Tutto nasce nelle ultime ore dopo l'assegnazione del porto di Ravenna alla nave Humanity 1 con 69 migranti a bordo, recuperati poco al di là delle acque libiche. Da subito, da parte della Ong, è scattato il solito meccanismo che dipinge i migranti come sopravvissuti e naufraghi, nonostante si tratti di persone che scelgono volontariamente di salire a bordo di queste imbarcazioni, consapevoli dei rischi e, soprattutto, della presenza delle navi Ong pronte a recuperarli. "Nessuna delle persone a bordo indossava giubbotti di salvataggio e il carburante a bordo era esaurito. Forti venti e onde alte oltre 2 metri hanno reso le operazioni di soccorso particolarmente impegnative. I sopravvissuti sono esausti, molti erano disidratati e una persona era priva di sensi al momento del salvataggio, ma le loro condizioni sono ora state stabilizzate", hanno comunicato subito dopo l'intervento.

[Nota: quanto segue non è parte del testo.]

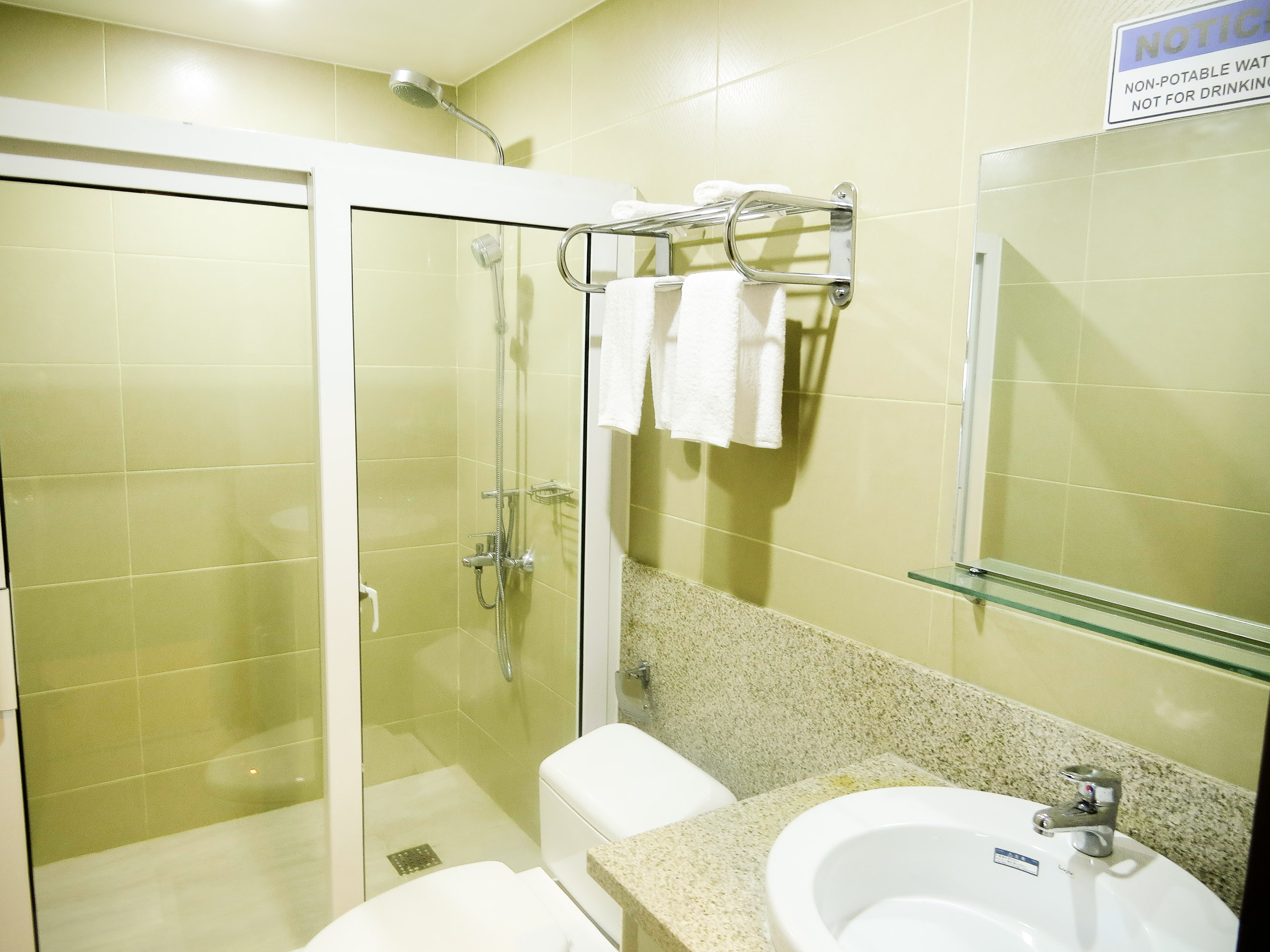 Leope Hotel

Bandiera battente e acque Sar: la confusione delle Ong

La Humanity 1 batte bandiera tedesca ma da parte della Germania, che rappresenta il primo vero Paese di sbarco di queste persone, visto che ha deciso di prestare il proprio vessillo a questa imbarcazione, non c'è stata nessuna indicazione di volontà per la presa in carico. Come al solito, quindi, secondo lo schema che prevede l'Italia come unico porto di sbarco nel Mediterraneo, la nave ha fatto richiesta al Mrcc di Roma che, in coordinamento con le autorità, ha assegnato il porto romagnolo, nel pieno recinto delle norme, essendo Ravenna un porto sicuro.

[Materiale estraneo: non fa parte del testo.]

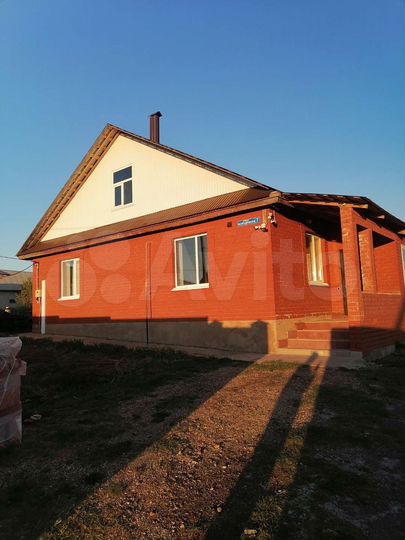 Дом 256 м² на участке 15 сот.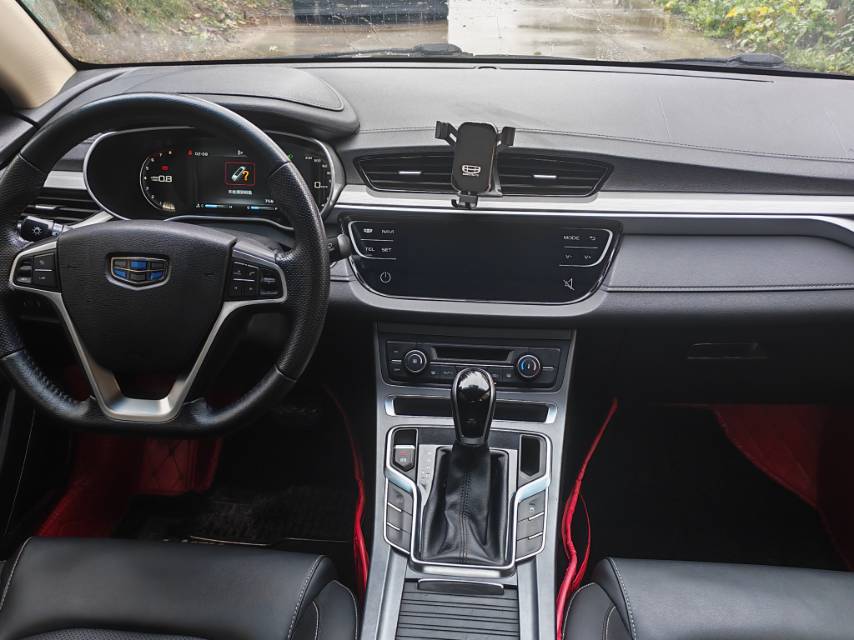 GEELY Emgrand 2018 car image #3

Da qui, l'ennesima lagna delle Ong: "Questa pratica contraddice il diritto marittimo internazionale, quindi insieme a Sea Eye stiamo portando il governo italiano in tribunale a Roma, per dimostrare che questa 'politica dei porti lontani' è illegale". Dalla Ong della nave Humanity 1, poi, proseguono: "Una scelta priva di senso di umanità per le persone esauste, con mal di mare e ipotermia, costrette a compiere oltre 1.600 chilometri. Ciò crea un rischio inutile per i sopravvissuti e tiene le navi lontane dalla regione Sar per molti giorni".

Alle Ong non viene in alcun modo fatto obbligo di stazionamento in acque Sar, visto che si tratta di zone a coordinamento nazionale e nessuna di queste è di competenza della Germania, di cui battono bandiera. Quindi l'Italia non ha alcun obbligo in tal senso nei confronti di queste navi, avendo già i suoi assetti coordinati con l'Europa nell'ambito della missione Frontex. Inoltre, l'Italia non è il solo punto di sbarco e non sempre è quello vicino. Inoltre, avendo toccato "terra" nel momento in cui salgono sulla nave, che con la bandiera diventa estensione territoriale di quello Stato, decadono gran parte delle rimostranze mosse dalle Ong.

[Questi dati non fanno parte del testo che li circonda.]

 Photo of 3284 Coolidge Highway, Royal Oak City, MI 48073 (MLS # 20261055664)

L'interpretazione soggettiva del diritto

Cercano di fare leva sulla questione umanitaria parlando di "mal di mare" ma quelle navi sono attrezzate per ogni genere di lieve disagio di questo tipo. E persone che si mettono volontariamente a bordo di un gommone sovraffollato sono probabilmente in grado di affrontare una traversata di alcuni giorni a bordo di un assetto sicuro come queste navi. Ma l'obiettivo delle Ong è sempre lo stesso: sbarcare in Sicilia. Questa sembra essere l'unica preoccupazione, non arrivare in un porto sicuro: "La lunga navigazione verso Ravenna, nonostante altri porti siano molto più vicini, rischia di peggiorare le condizioni dei già vulnerabili sopravvissuti".

La Ong accusa l'Italia di non garantire la sicurezza della navigazione ma nel Mediterraneo, in particolare nel mar Tirreno, le condizioni meteo-marine sotto costa non sono proibitive per imbarcazioni della stazza della Humanity 1. Si appellano al diritto marittimo che stabilisce che un luogo sicuro dovrebbe essere assegnato "con una deviazione minima dal viaggio della nave", ma qual è la rotta di queste navi? Quel passaggio è dedicato alle navi che, durante la navigazione dal punto A al punto B, incrociano sulla loro rotta un'imbarcazione in difficoltà. In quel caso sussiste il principio della minima deviazione.

Ma le navi delle Ong si mettono in mare senza alcuna rotta prestabilita, navigano alla ricerca dei barchini e non hanno un "punto B" da raggiungere, quindi non può sussistere tale regola.